──────── AVAILABLE DATA ────────

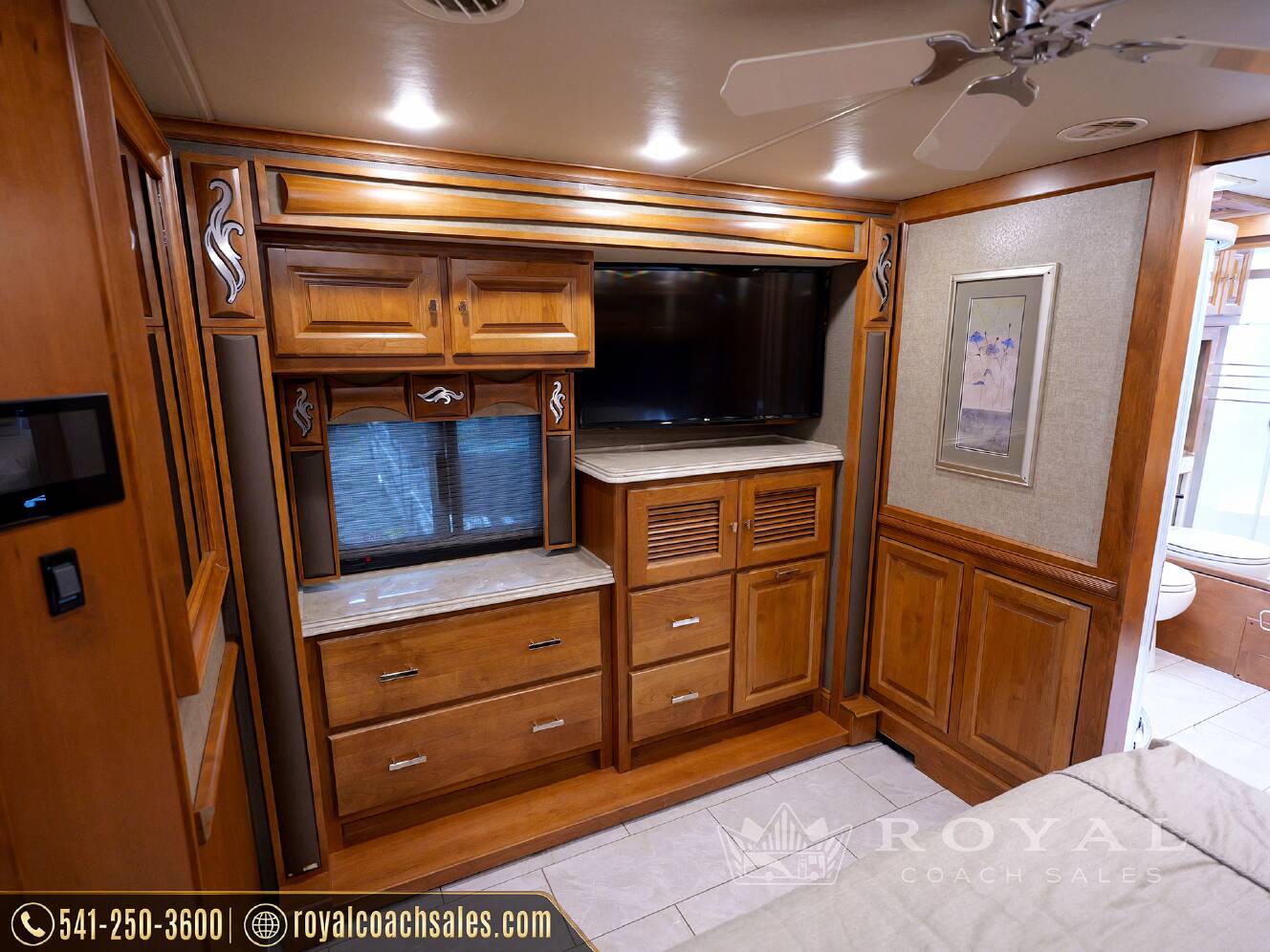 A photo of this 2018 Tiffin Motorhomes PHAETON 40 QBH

────────
──────── AVAILABLE DATA ────────

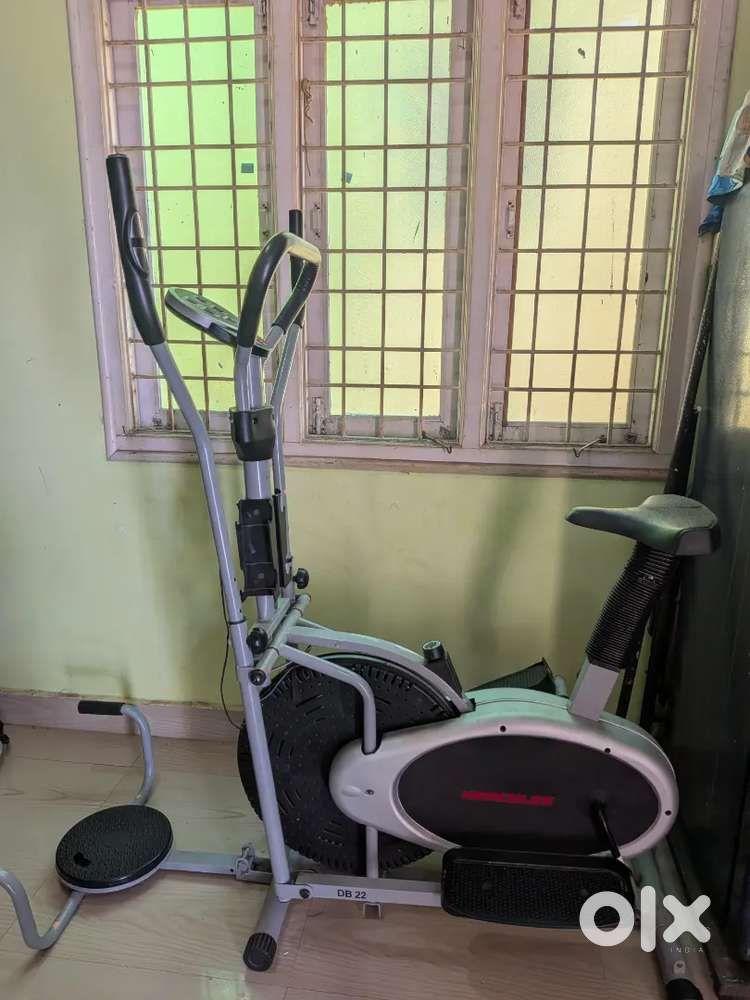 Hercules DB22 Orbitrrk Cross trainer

────────
──────── AVAILABLE DATA ────────

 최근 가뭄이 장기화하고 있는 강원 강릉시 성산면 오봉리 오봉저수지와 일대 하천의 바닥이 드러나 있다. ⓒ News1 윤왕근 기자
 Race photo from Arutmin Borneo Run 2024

────────

→ TASK PROMPT:
Send back an exact copy of only the lines from the line with "최근 가뭄이 장기화하고" up to and including the line with "Race photo from Arutmin Borneo Run 2024" in the data above.

→ PROBLEM SOLUTION:
 최근 가뭄이 장기화하고 있는 강원 강릉시 성산면 오봉리 오봉저수지와 일대 하천의 바닥이 드러나 있다. ⓒ News1 윤왕근 기자
 Race photo from Arutmin Borneo Run 2024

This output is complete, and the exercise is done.